Minister of Government Services
- In office March 27, 1989 – May 5, 1989
- Preceded by: Office Established
- Succeeded by: Office Abolished

MHA for Burin-Placentia West
- In office 1982–1996
- Preceded by: Don Hollett
- Succeeded by: Mary Hodder

Minister of Social Services
- In office January 9, 1988 – March 27, 1989
- Preceded by: Charlie Brett
- Succeeded by: Ron Dawe

Personal details
- Born: November 19, 1950 (age 75) Trepassey, Newfoundland and Labrador
- Party: Progressive Conservative Party of Newfoundland and Labrador

= Glenn Tobin =

Canadian politician

Glenn G. Tobin (born November 19, 1950) was a Canadian politician.

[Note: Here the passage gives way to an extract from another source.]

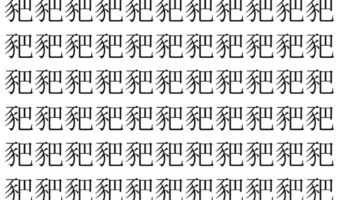 【脳トレ】「豝」の中に紛れて1つ違う文字がある!?あなたは何秒で探し出せるかな??【違う文字を探せ!】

He represented the electoral district of Burin-Placentia West in the Newfoundland and Labrador House of Assembly from 1982 to 1996. He was a member of the Progressive Conservative Party of Newfoundland and Labrador.

Tobin worked as a social worker in Marystown, Newfoundland and Labrador, where he also served as a town councillor and deputy mayor. He was elected to the Newfoundland assembly in 1982. He served in the provincial cabinet as Minister of Social Services, and Works and Minister of Services and Transportation. Tobin also served as deputy opposition house leader.

After leaving politics, he became manager and operator of Island Trucking Ltd. In 2004, he was named chair of the Newfoundland and Labrador Liquor Corporation.